To which I responded:
I wrote a letter to the editor of the Globe and Mail, it was published in February, I quote it here as a rebuttal to Mr. Tsai's (for lack of a better description) angry rant:

[From my web page, open quote]
In the February 24, 2005 Globe and Mail the following letter to the editor appeared, I quote the letter in its entirety.

Re China's Military Might Worries World Leaders (Feb. 23): Horror of horrors! What if China indeed does take over the world and we are all forced to study hard, work, establish businesses and abide by the law?

- Irwin Diamond (Toronto)

Now I had to respond to that one, I even emailed it to the letters department of the Globe and Mail. Remarkably it was published, in the February 26 Globe and Mail, on page A18, the letters to the editor page.

Skewed picture

Irwin Diamond writes "[If China takes over the world] we are all forced to study hard, work... and abide by the law." Mr. Diamond, I have worked in China, I have taught English there, I am married to a Chinese woman. You sir are two things:

  1. stereotyping
  2. completely clueless

Some Chinese are hard workers, some are lazy, some Chinese students are very studious and some are as bad as anything my parents (former Ontario Public School teachers) ever had to deal with. But to make such wild claims, while ignoring such points as rampant government corruption, excessive nationalism and a disturbing lack of equality under the law makes Diamond's letter a dangerous tract of misinformation.
[close quote]

Mr. Tsai, the only "structural societal problem" I detect is that we allow people to make such broad generalizations as "We are just a bunch of fat ass lazy twits" in otherwise reputable forums.
October 12 2005

I mention all of this not to show that gee wiz, I can get written up, using the same letter twice in the same paper. And I certainly did not do this to brag about teaching English in China, shockingly I don't consider being an English teacher the high point of my career, (given that I have a B.Math and an M. Eng, being an English teacher is a definite step in the wrong direction for me... Math or Computer Networking teacher, that would be a different story.)
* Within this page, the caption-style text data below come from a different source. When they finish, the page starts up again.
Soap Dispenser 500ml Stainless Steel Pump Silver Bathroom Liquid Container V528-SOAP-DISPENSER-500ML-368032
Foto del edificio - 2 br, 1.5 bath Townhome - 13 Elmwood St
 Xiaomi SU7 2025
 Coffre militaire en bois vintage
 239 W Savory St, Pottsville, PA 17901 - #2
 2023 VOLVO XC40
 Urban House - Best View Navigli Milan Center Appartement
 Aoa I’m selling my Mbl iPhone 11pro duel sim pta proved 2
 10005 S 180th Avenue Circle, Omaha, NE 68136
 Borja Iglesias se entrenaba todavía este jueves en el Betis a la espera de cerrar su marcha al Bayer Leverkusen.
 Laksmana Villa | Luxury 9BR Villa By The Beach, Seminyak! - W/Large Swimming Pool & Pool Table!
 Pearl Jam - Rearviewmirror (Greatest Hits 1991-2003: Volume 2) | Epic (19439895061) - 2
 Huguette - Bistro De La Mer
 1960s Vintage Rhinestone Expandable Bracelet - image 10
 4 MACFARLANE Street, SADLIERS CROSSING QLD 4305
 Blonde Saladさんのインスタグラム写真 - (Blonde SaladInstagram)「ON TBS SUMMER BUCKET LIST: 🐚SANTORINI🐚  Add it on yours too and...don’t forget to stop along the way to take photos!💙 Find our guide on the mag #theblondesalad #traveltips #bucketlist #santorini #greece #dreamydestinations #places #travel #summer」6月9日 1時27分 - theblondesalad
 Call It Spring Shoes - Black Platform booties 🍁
Rather I write this on while the second manned Chinese space capsule orbits overhead.

That Shenzhou VI flight makes me think back to the Glory days of the American Empire, President Lyndon B. Johnson was egging NASA ever faster, ever higher, ever stronger. Sure there was a lot of Patriotism, probably even some Nationalism. But you look at the Motto of Apollo 13 as selected by Navy Pilot Jim Lovel, Ex Luna, Scientia, derived from the Navy Motto, Ex Mare, Scientia. NASA was, and is, a research agency. They develop and promote new technologies, Velcro, Microwave ovens, Integrated Circuits, Six Billion pound Saturn 5 missiles, and while such things can happen without a space agency, its awful hard to get those truly amazing images of Saturn without a Voyager fly by.

I wonder, when it is proclaimed that China is the dominant super power, will Beijing continue to explore, to send up a bigger, better space telescope? The thing about living in a totalitarian state is, besides the fact that we will never hear about an Apollo 1 style Shenzhou (Apollo 1 burned to a crisp killing the three astronauts aboard), when the state decides that a bigger and better army is preferred to some silly experiments in space Chinese rocket nut cases (like me a Canadian rocket nut case) will just have to bite the bullet as it were and content themselves with reading about the exploits of the NASA. I hope the American's can maintain their supremacy for a good while longer.